* EXERCISE OBJECTIVE: Each line below from the "So, you're ready" line through the "Events A and" line, those two included, must be restated word for word; the pictures must not be.

* MATERIAL SUPPLIED:
*-*-*

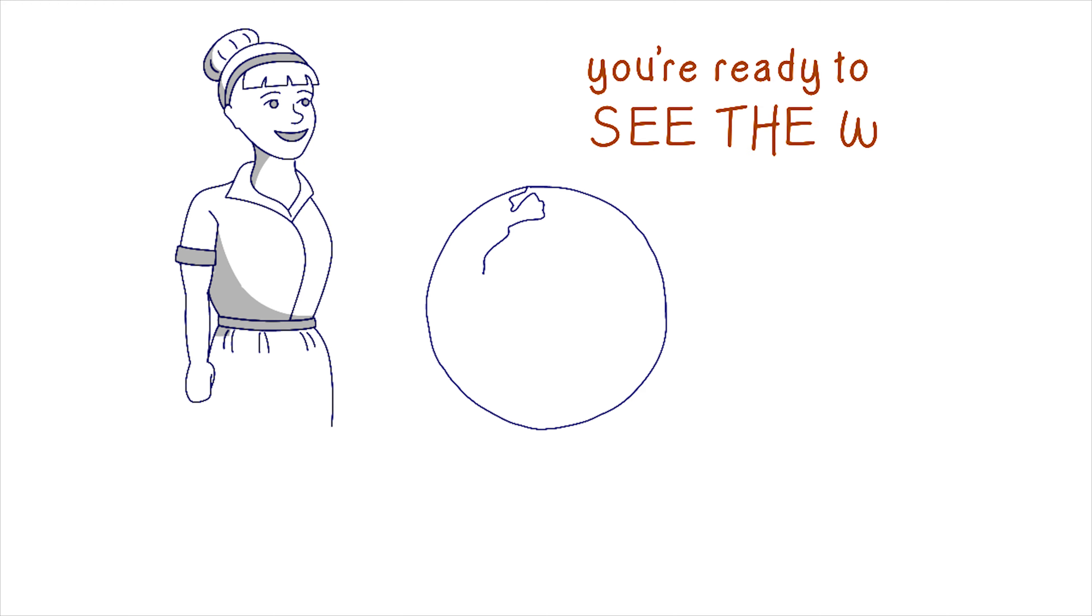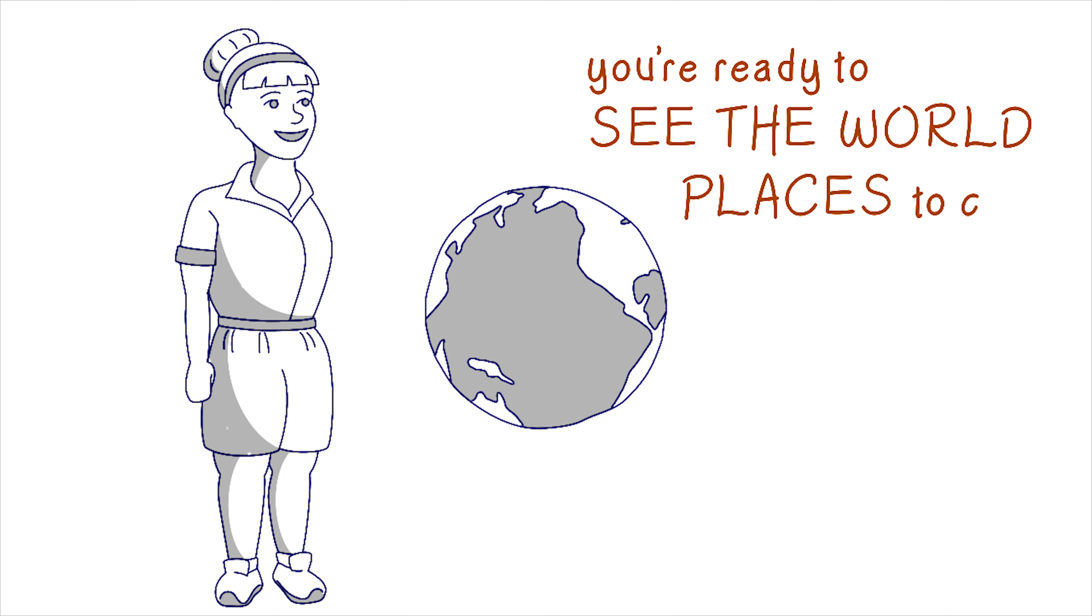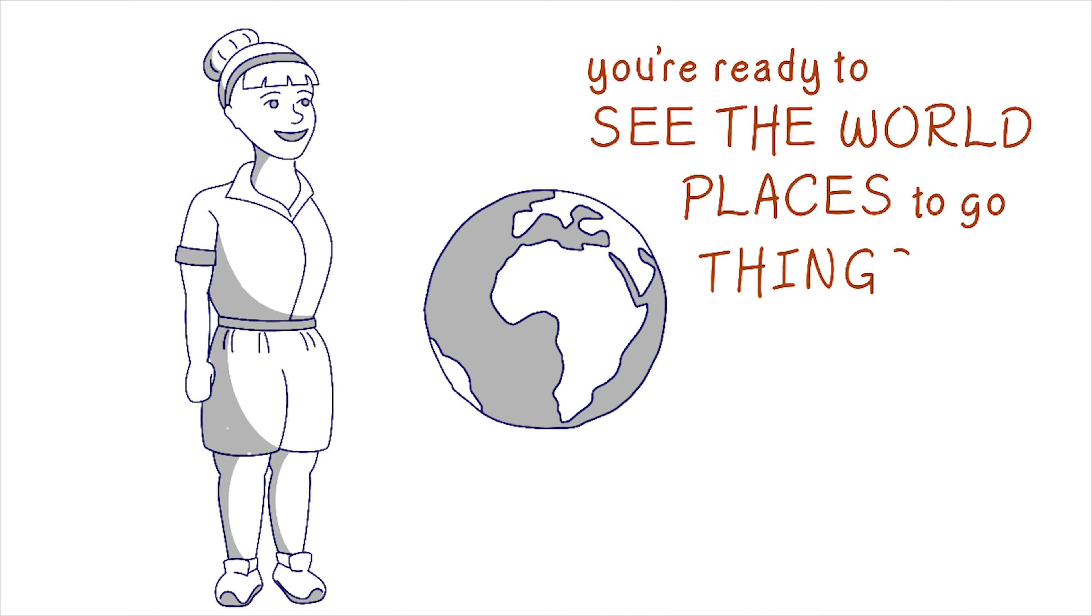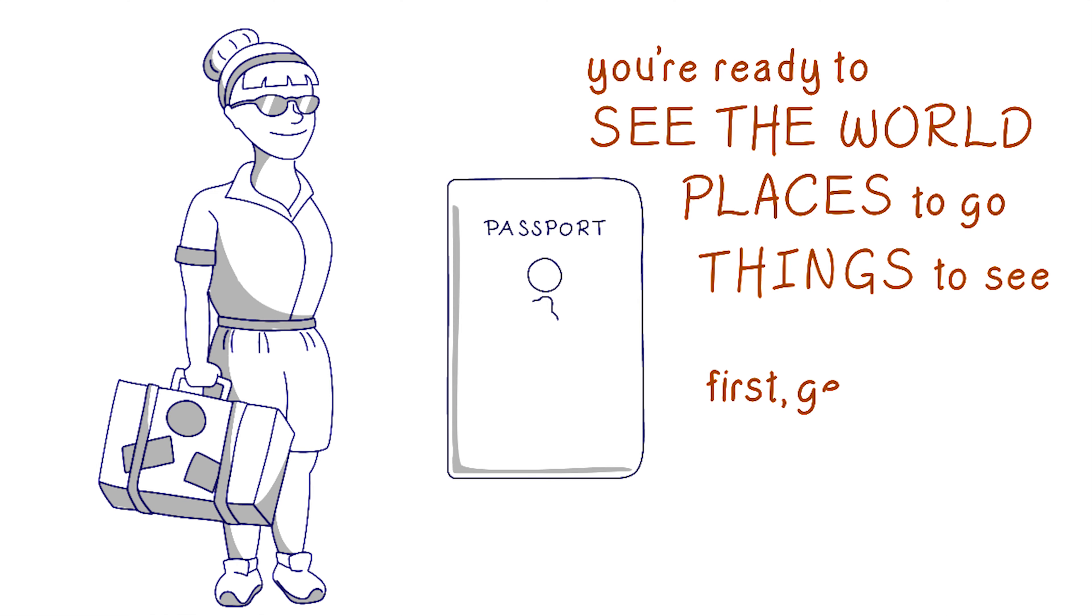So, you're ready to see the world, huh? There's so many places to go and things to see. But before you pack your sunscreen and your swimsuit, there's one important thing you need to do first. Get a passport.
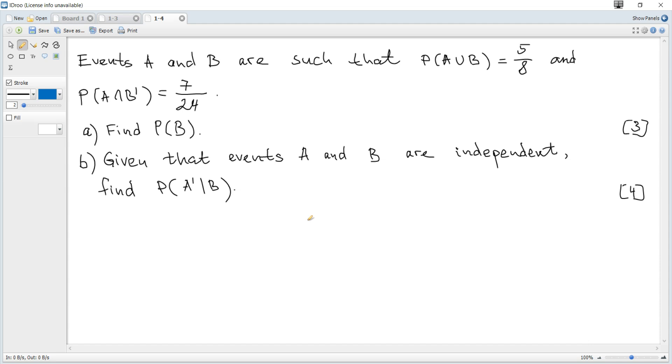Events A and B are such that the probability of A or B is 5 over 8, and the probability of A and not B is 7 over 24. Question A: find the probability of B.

*-*-*

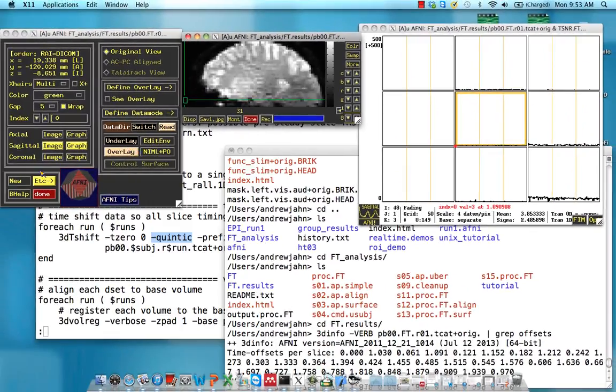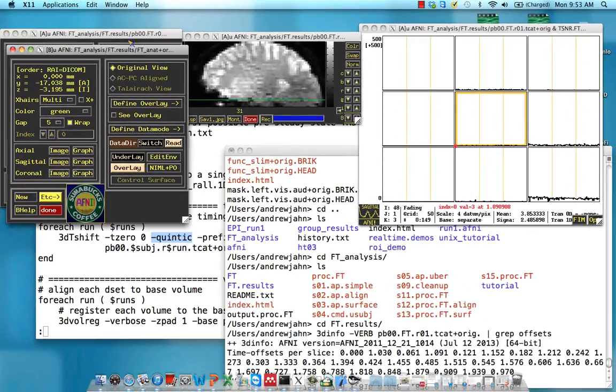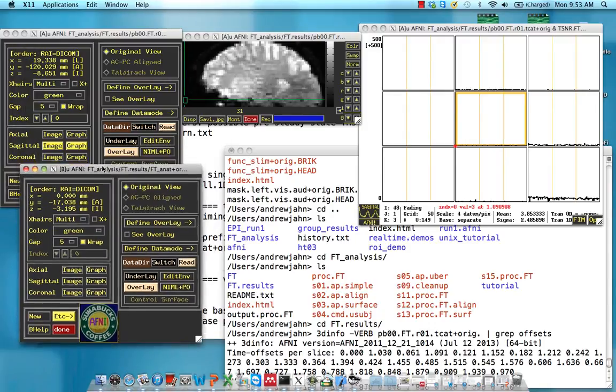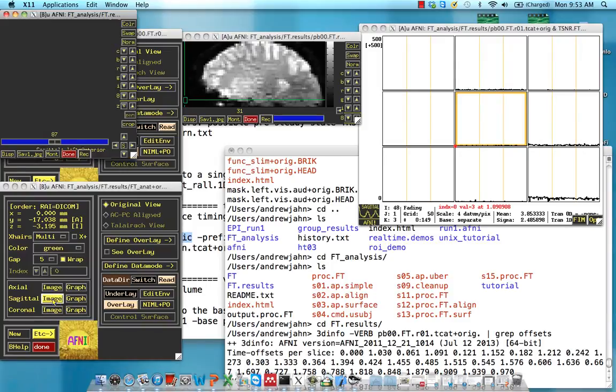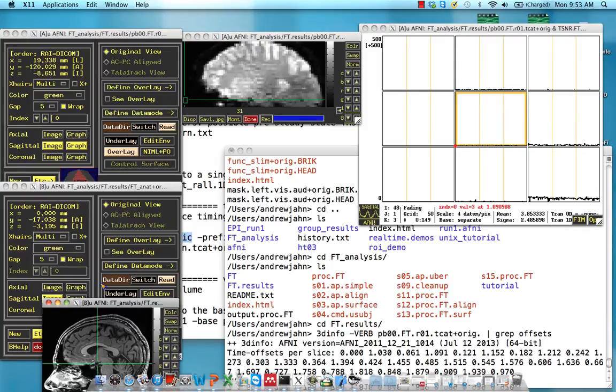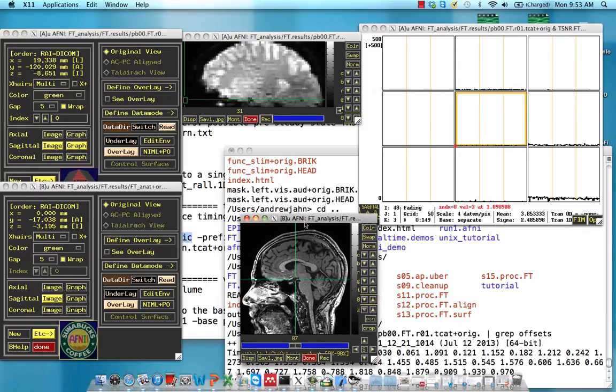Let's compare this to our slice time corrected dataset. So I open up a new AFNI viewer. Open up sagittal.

*-*-*

* ANSWER:
So, you're ready to see the world, huh? There's so many places to go and things to see. But before you pack your sunscreen and your swimsuit, there's one important thing you need to do first. Get a passport.
Events A and B are such that the probability of A or B is 5 over 8, and the probability of A and not B is 7 over 24. Question A: find the probability of B.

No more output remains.